I guess I am doing something wrong in my patch.
Let me investigate.  The behaviour you describe seems to be exactly
what I want.

> I have to admit that I don't know how connlabels are used, so I don't
> know what the best default implicit op would be.

I think it should be a bit-test to make it behave like xt_connlabels
match.

> > Something to also keep in mind is that this currently lacks write
> > support.  In iptables this is done via
> > '-m connlabel --label foo --set', which causes atomic set-bit operation.
> > 
> > For nft with current approach it would mean we would need to copy to
> > reg, alter reg, then copy altered register back to extension area.
> > 
> > What do others think?
> 
> Sounds fine. Its a quite rare operation I assume.

Yes.

The iptables match performs the set operation only if the bit is not
set to avoid the write in the common case.

It should be possible to do something similar for nft.

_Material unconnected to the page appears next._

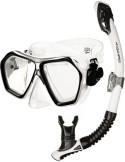 Šnorchlovací set BLAZE + BORNEO v síťovaném vaku, 05 - bílá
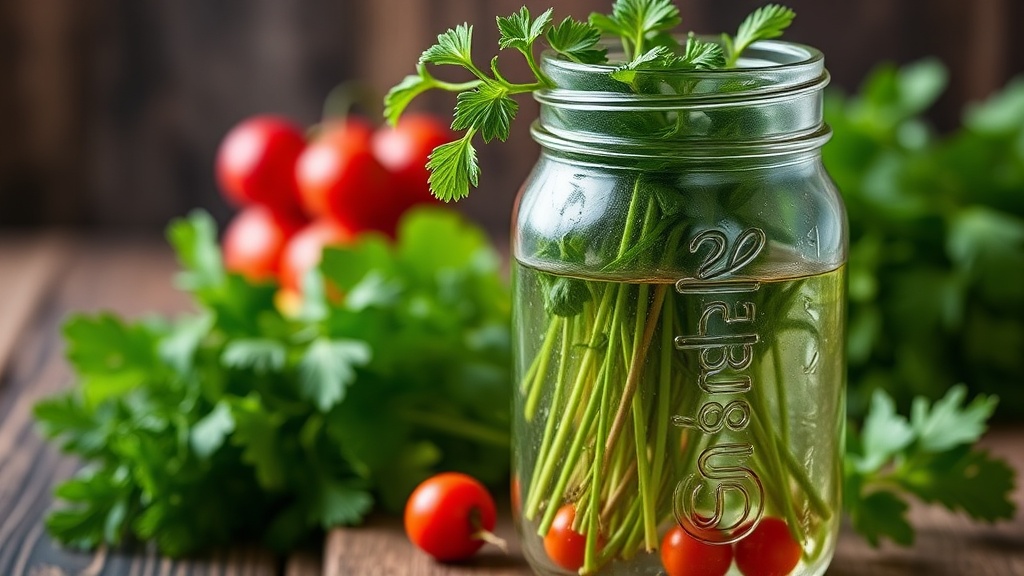 Save Your Fresh Herbs with a Simple Glass Jar Trick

> > --- a/include/datatype.h
> > +++ b/include/datatype.h
> > @@ -32,6 +32,7 @@
> >   * @TYPE_CT_STATE:	conntrack state (bitmask subtype)
> >   * @TYPE_CT_DIR:	conntrack direction
> >   * @TYPE_CT_STATUS:	conntrack status (bitmask subtype)
> > + * @TYPE_CT_LABELS:	Conntrack Labels (bitmask subtype)
> >   * @TYPE_ICMP6_TYPE:	ICMPv6 type codes (integer subtype)
> >   */
> >  enum datatypes {
> > @@ -63,6 +64,7 @@ enum datatypes {
> >  	TYPE_CT_STATE,
> >  	TYPE_CT_DIR,
> >  	TYPE_CT_STATUS,
> > +	TYPE_CT_LABELS,
> >  	TYPE_ICMP6_TYPE,
> >  	__TYPE_MAX
> >  };
> 
> Small note - we should add datatypes at the end. The kernel stores those
> types for userspace to interpret the type of sets, so when doing an update
> of nft, the types should still match.

I was unaware of this.  Thanks for pointing it out.

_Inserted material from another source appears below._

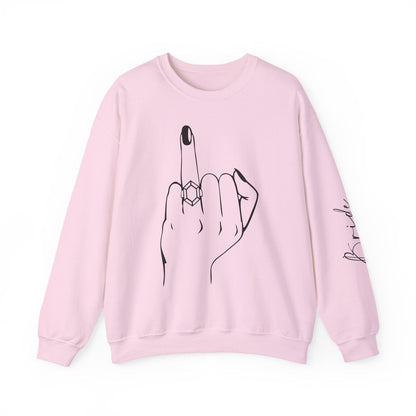 Printify Sweatshirt Light Pink / S Engagement | Bride Crewneck Sweatshirt Engagement | Bride Crewneck Sweatshirt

> > +static void ct_label_type_print(const struct expr *expr)
> > +{
> > +	const struct symbolic_constant *s;
> > +	unsigned long bit = 0;
> > +	int cnt = 0;
> > +
> > +	for (s = ct_label_tbl->symbols; s->identifier != NULL; s++) {
> > +		bit = mpz_scan1(expr->value, s->value);
> > +		if (bit < CT_LABELS_BIT_SIZE && bit == s->value) {
> > +			if (cnt)
> > +				printf("|");
> 
> This looks incorrect since it doesn't match the input format. When using
> a bitmask base type, nft should automatically reconstruct the list as
> comma-seperated values. So I think you don't need a print function.

see below

> > +static struct error_record *ct_label_type_parse(const struct expr *sym,
> > +						struct expr **res)
> > +{
> > +	const struct symbolic_constant *s;
> > +	const struct datatype *dtype;
> > +	uint8_t data[CT_LABELS_BIT_SIZE];
> > +	mpz_t value;
> > +
> > +	for (s = ct_label_tbl->symbols; s->identifier != NULL; s++) {
> > +		if (!strcmp(sym->identifier, s->identifier))
> > +			break;
> > +	}
> > +
> > +	dtype = sym->dtype;
> > +	if (s->identifier == NULL)
> > +		return error(&sym->location, "Could not parse %s", dtype->desc);
> > +
> > +	mpz_init2(value, dtype->size);
> > +	mpz_setbit(value, s->value);
> > +	mpz_export_data(data, value, BYTEORDER_HOST_ENDIAN, sizeof(data));
> > +
> > +	*res = constant_expr_alloc(&sym->location, dtype,
> > +				   dtype->byteorder, sizeof(data),
> > +				   data);
> > +	mpz_clear(value);
> > +	return NULL;
> > +}
> 
> Same here. The defaults should work fine.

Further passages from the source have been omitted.